_SOURCE DATA_.
□ □ □ □

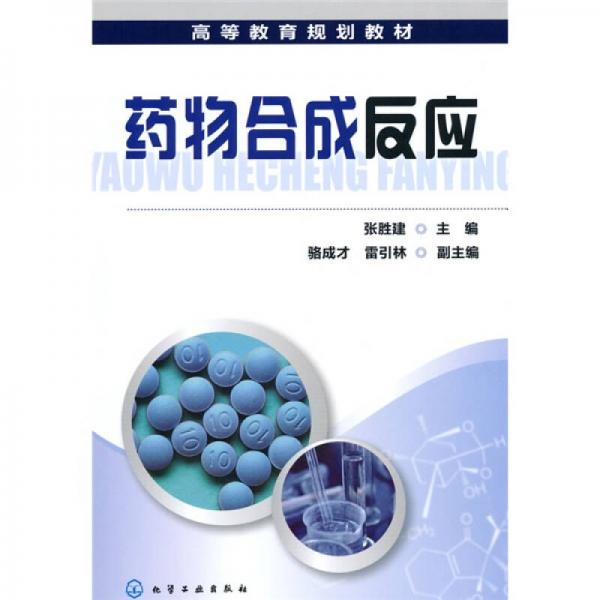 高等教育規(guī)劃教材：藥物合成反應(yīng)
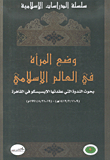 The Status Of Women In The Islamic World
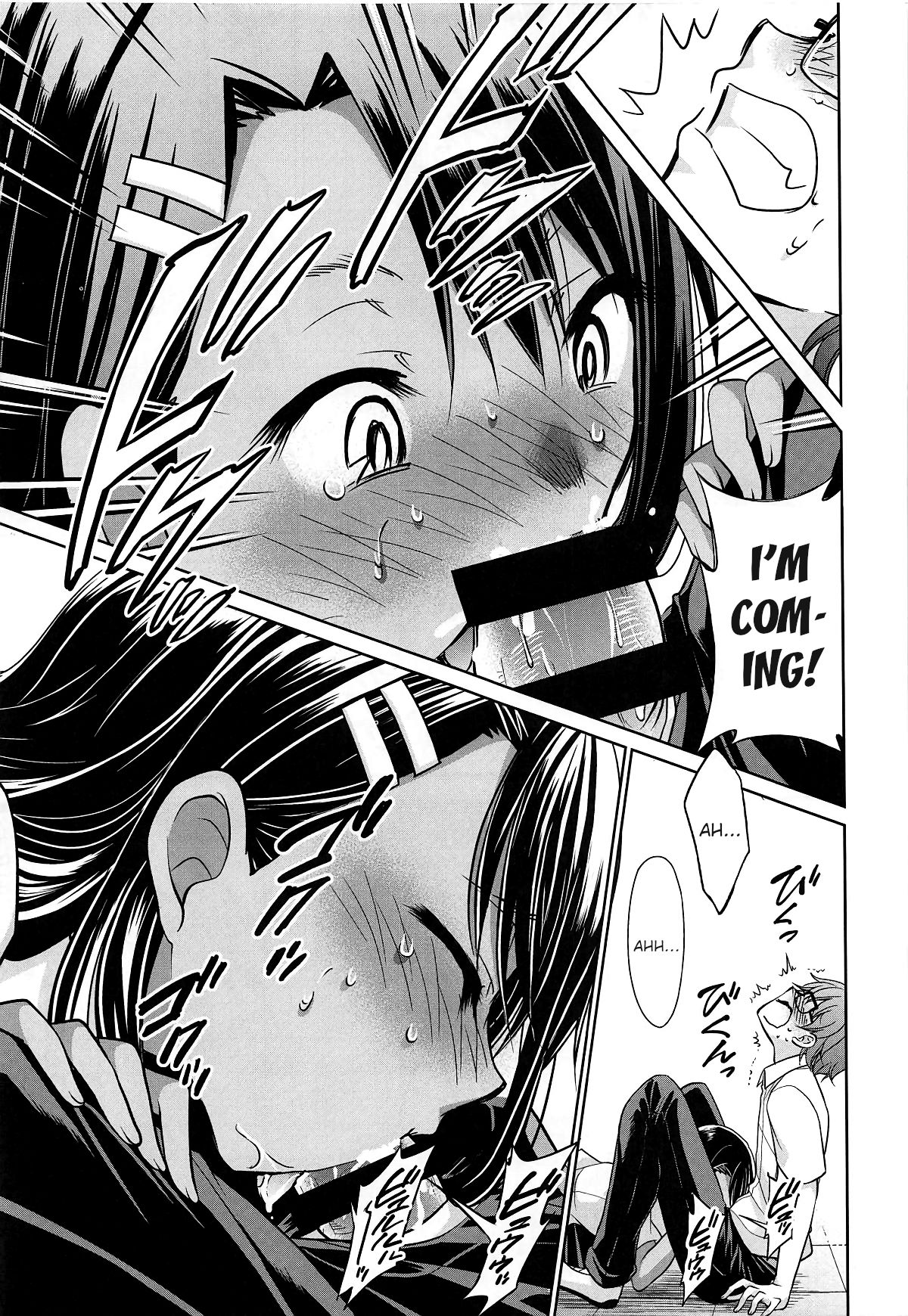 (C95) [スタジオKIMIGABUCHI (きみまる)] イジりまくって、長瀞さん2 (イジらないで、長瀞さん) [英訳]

□ □ □ □

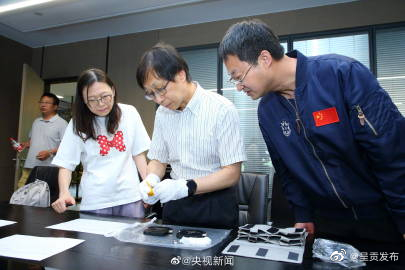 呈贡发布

□ □ □ □

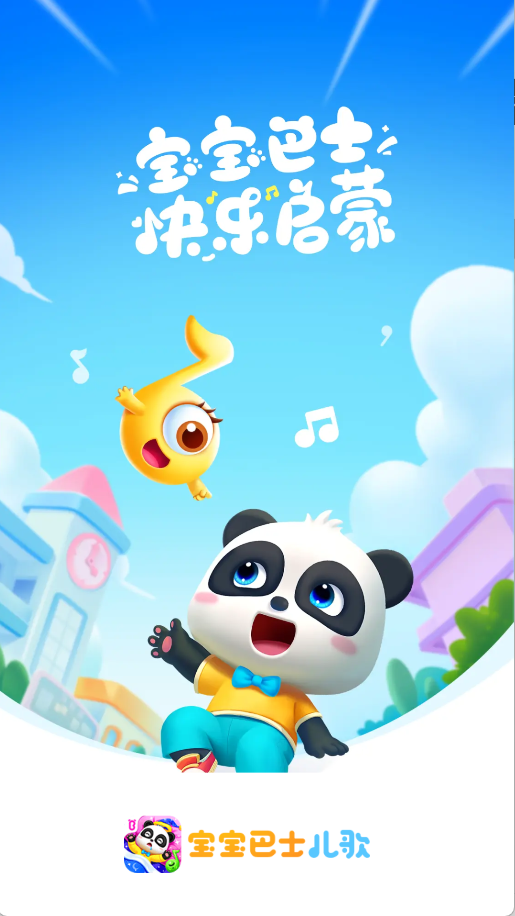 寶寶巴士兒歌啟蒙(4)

□ □ □ □

Quote the data above exactly from the line with "高等教育規(guī)劃教材：藥物合成反應(yīng)" to the line with "(C95) [スタジオKIMIGABUCHI (きみまる)]", both ends counted, and nothing else. Pictures don't go in.

_THE ANSWER_.
 高等教育規(guī)劃教材：藥物合成反應(yīng)
 The Status Of Women In The Islamic World
 (C95) [スタジオKIMIGABUCHI (きみまる)] イジりまくって、長瀞さん2 (イジらないで、長瀞さん) [英訳]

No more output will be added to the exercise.